* **ASSIGNMENT**: Begin with the line below holding "Екатеринбург: DreamHouse на Крестинского 8" and go on through the line holding "Kiton、2026新品短袖", duplicating each line exactly and leaving out pictures.

* **EXCERPTED RECORDS**:
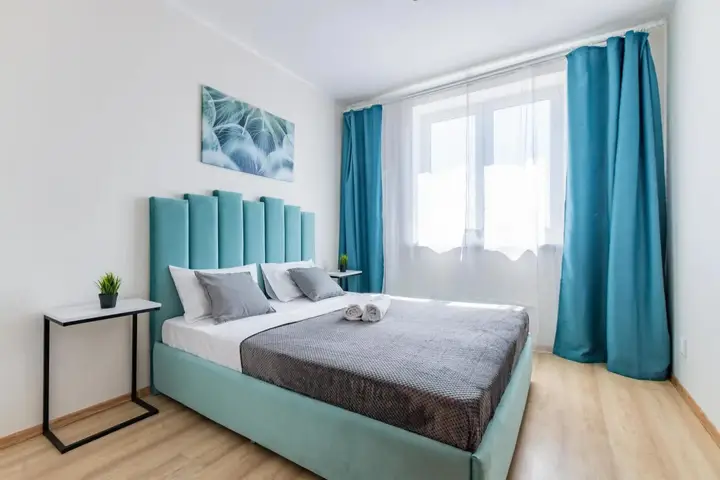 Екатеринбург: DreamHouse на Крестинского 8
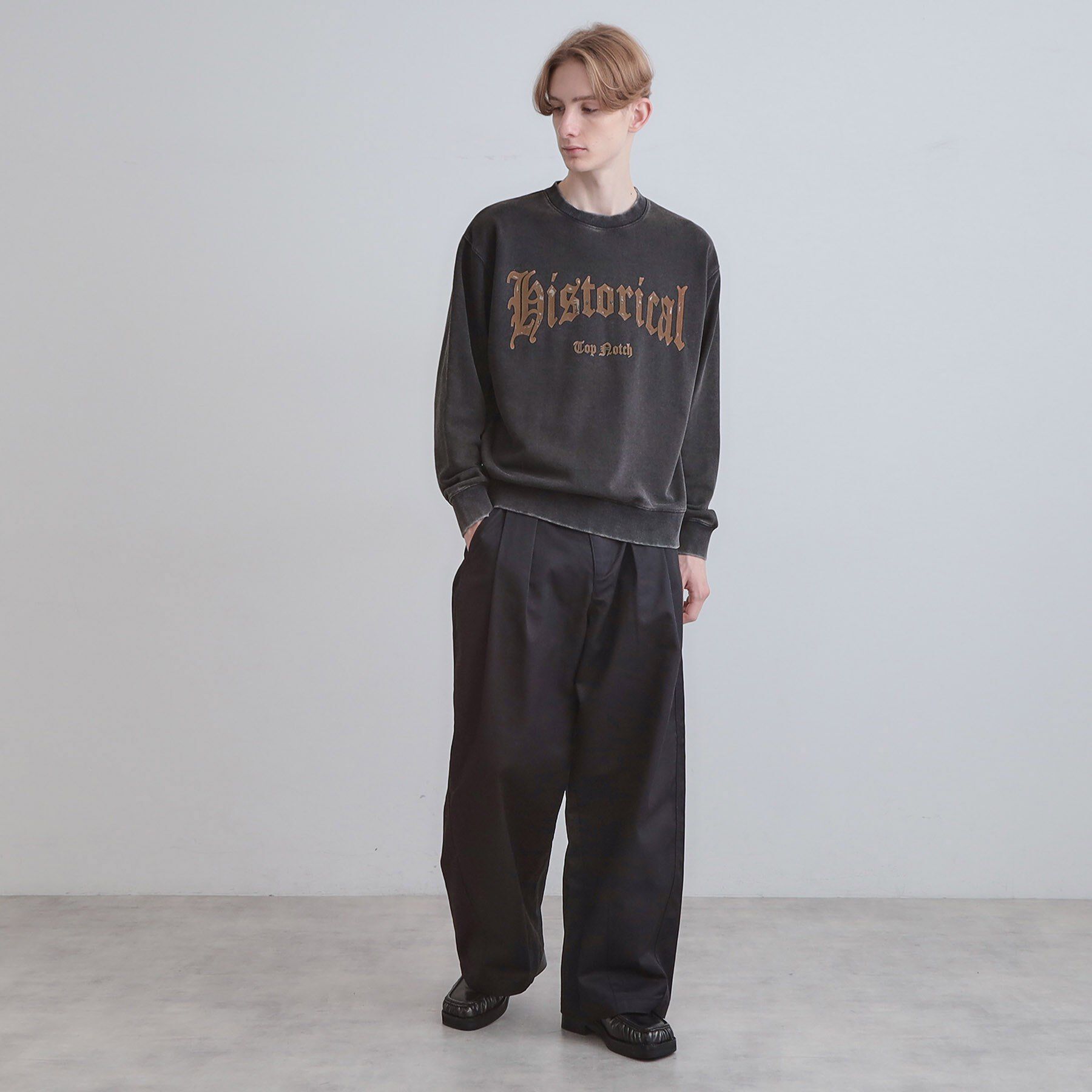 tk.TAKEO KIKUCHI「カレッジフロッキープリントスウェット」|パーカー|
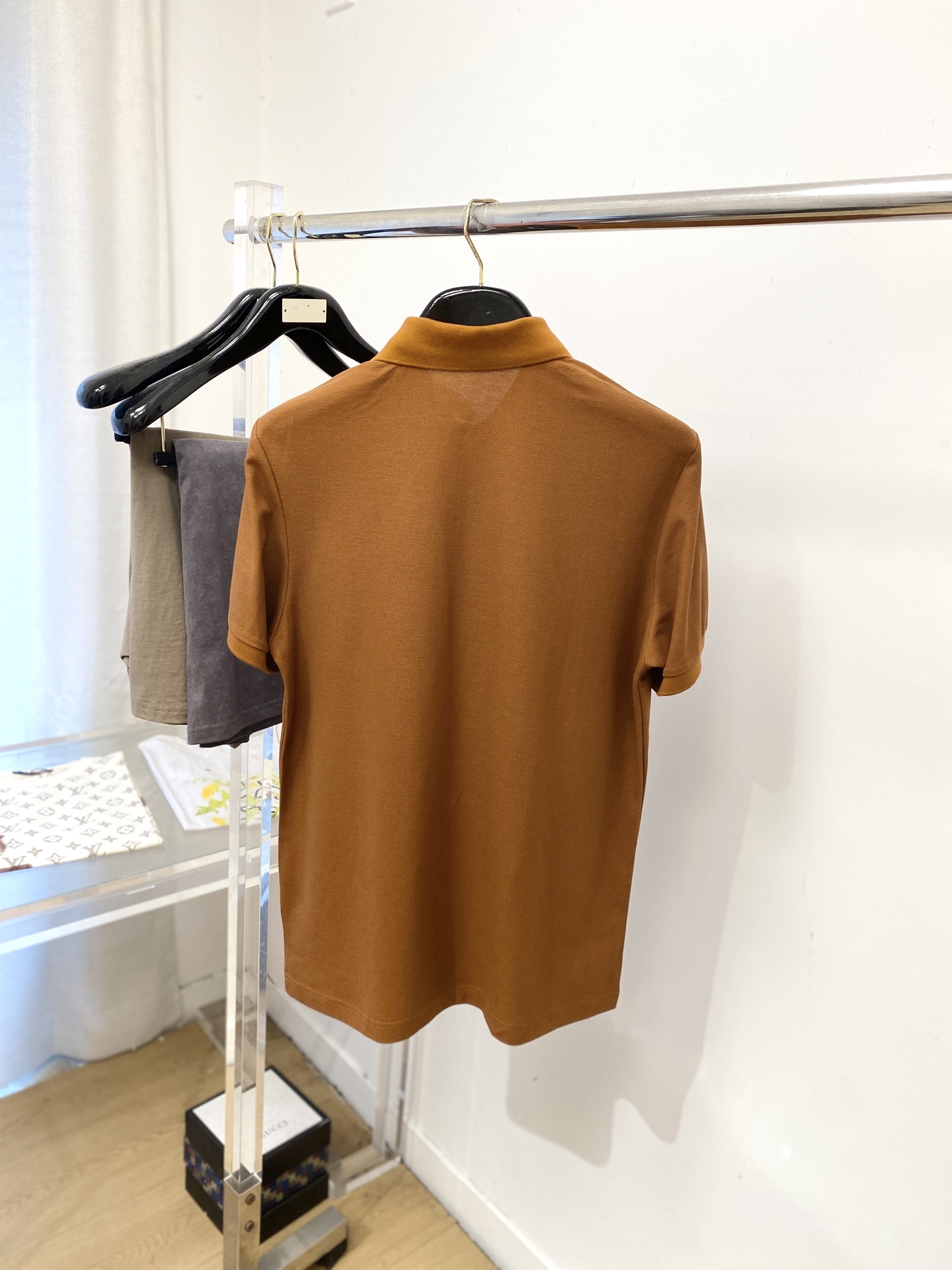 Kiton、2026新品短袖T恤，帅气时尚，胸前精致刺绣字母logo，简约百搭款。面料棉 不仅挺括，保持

* * *

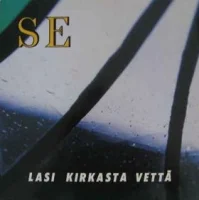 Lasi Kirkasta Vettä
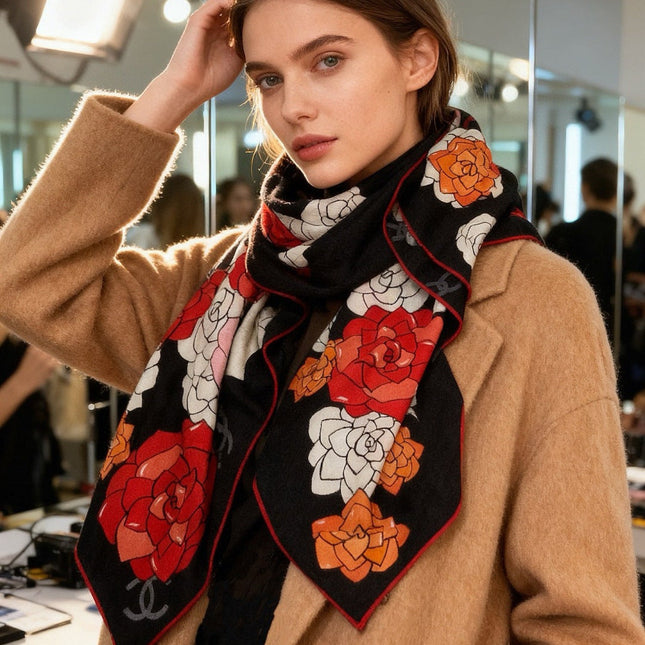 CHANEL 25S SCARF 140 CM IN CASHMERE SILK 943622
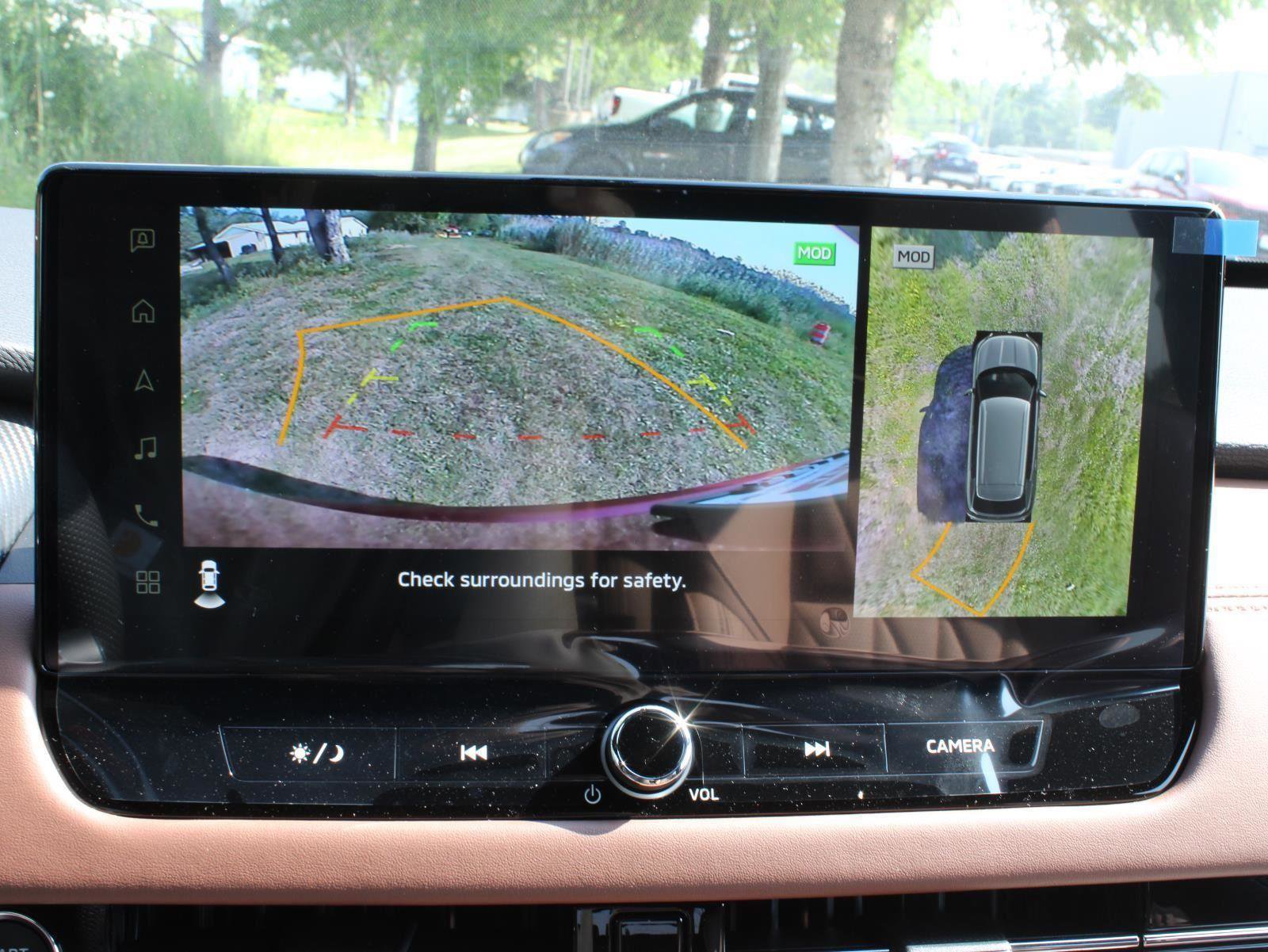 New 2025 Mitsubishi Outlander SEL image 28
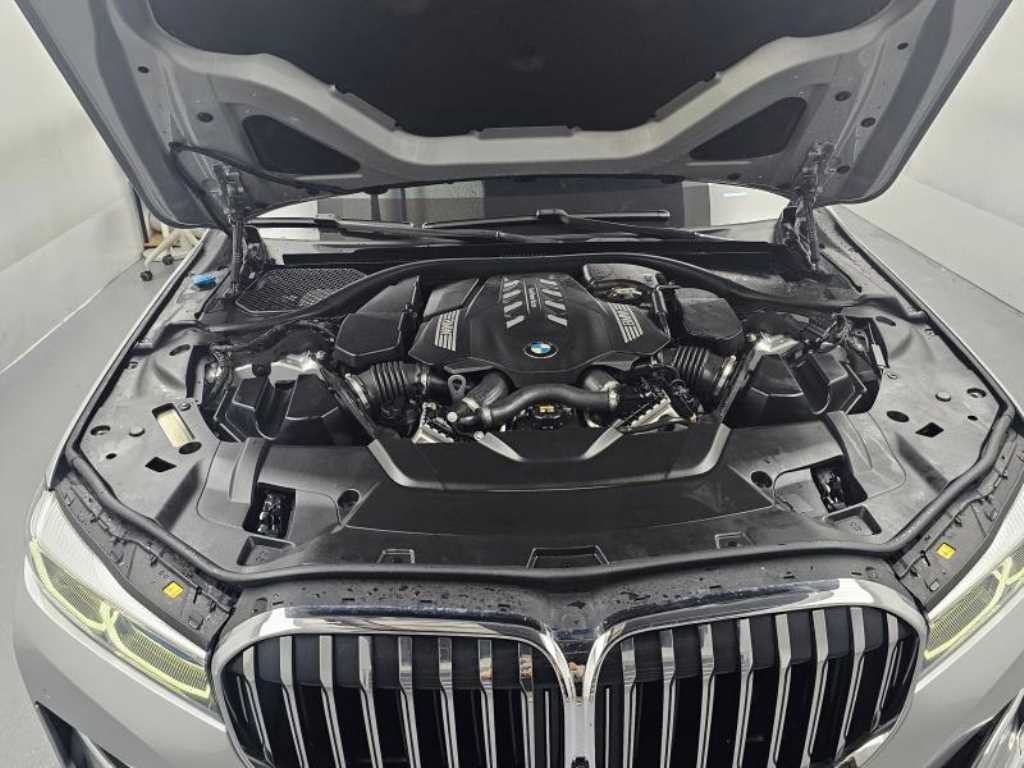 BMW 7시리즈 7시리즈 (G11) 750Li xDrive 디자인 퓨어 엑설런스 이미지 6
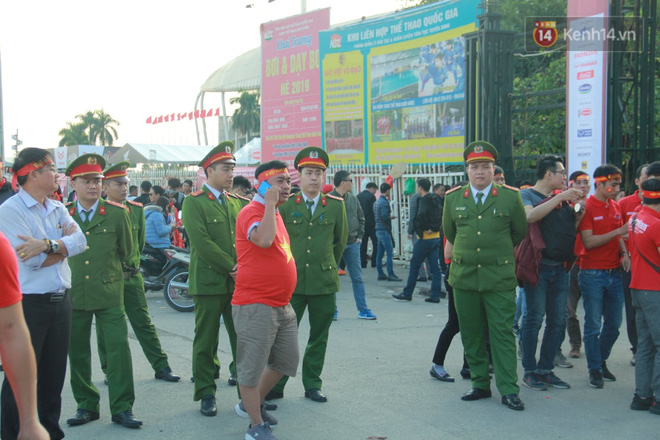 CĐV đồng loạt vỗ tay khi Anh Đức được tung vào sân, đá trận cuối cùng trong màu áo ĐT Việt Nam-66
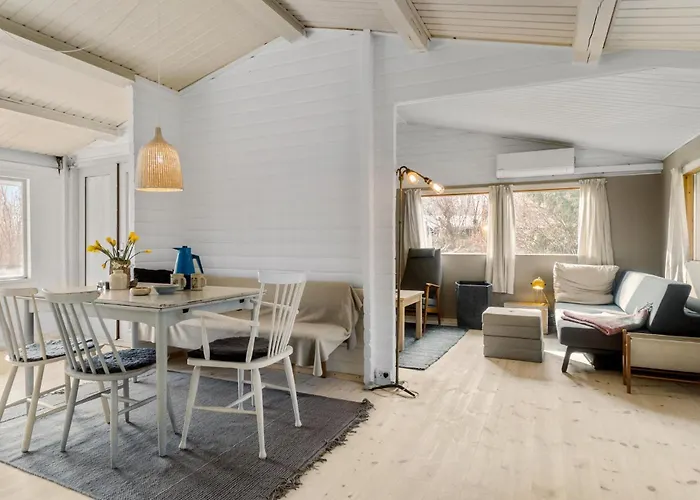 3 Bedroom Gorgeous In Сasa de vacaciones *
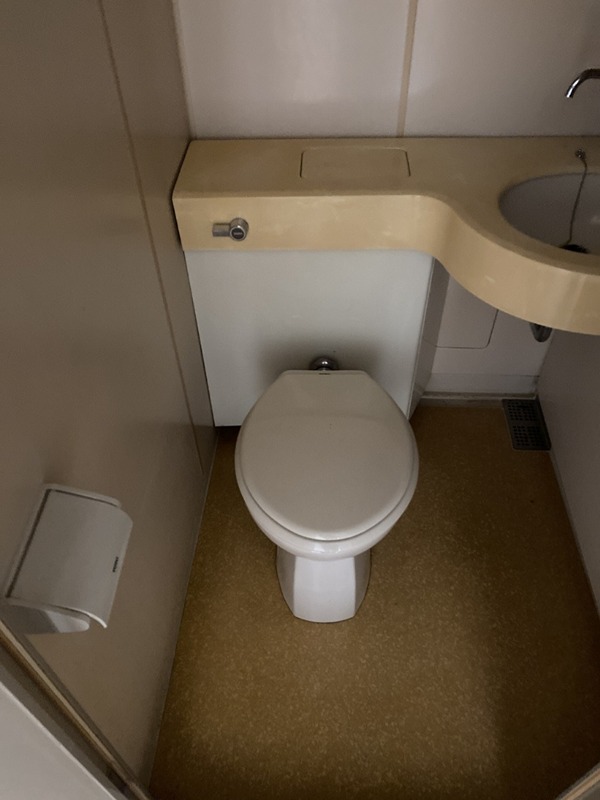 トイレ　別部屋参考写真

* **RESULT OF THIS TASK**:
 Екатеринбург: DreamHouse на Крестинского 8
 tk.TAKEO KIKUCHI「カレッジフロッキープリントスウェット」|パーカー|
 Kiton、2026新品短袖T恤，帅气时尚，胸前精致刺绣字母logo，简约百搭款。面料棉 不仅挺括，保持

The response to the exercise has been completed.